SUPPLIED INFORMATION section start

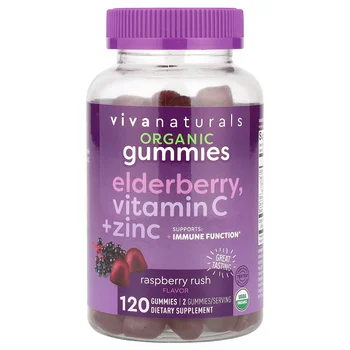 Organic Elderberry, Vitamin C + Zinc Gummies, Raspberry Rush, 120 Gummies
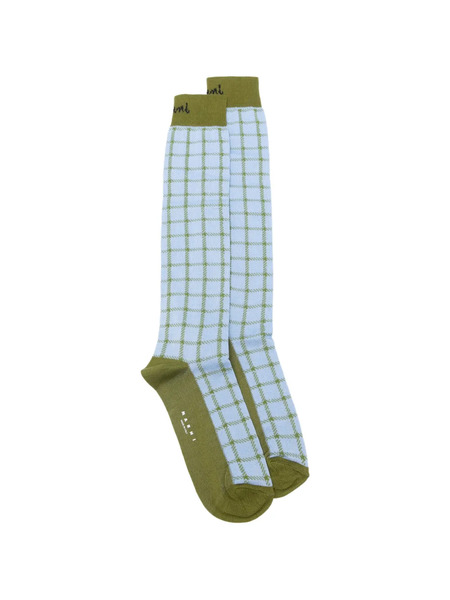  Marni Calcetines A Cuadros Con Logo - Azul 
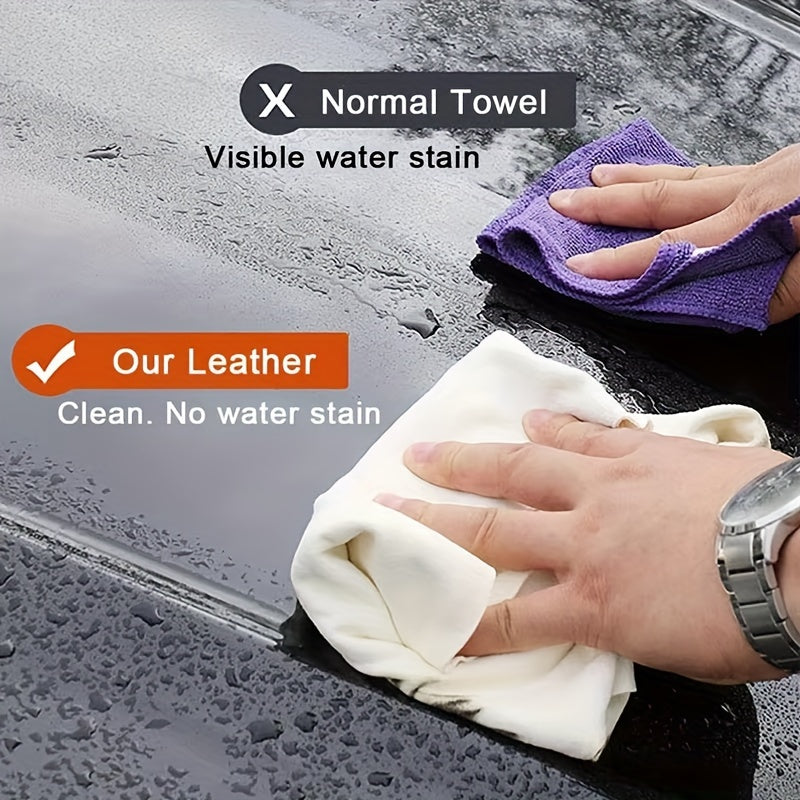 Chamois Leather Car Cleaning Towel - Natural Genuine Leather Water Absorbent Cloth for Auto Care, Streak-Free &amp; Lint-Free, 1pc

SUPPLIED INFORMATION section end

● WHAT YOU ARE ASKED TO DO:
In full and without change, repeat the material above, minus the pictures.

● OUTPUT:
 Organic Elderberry, Vitamin C + Zinc Gummies, Raspberry Rush, 120 Gummies
  Marni Calcetines A Cuadros Con Logo - Azul 
 Chamois Leather Car Cleaning Towel - Natural Genuine Leather Water Absorbent Cloth for Auto Care, Streak-Free &amp; Lint-Free, 1pc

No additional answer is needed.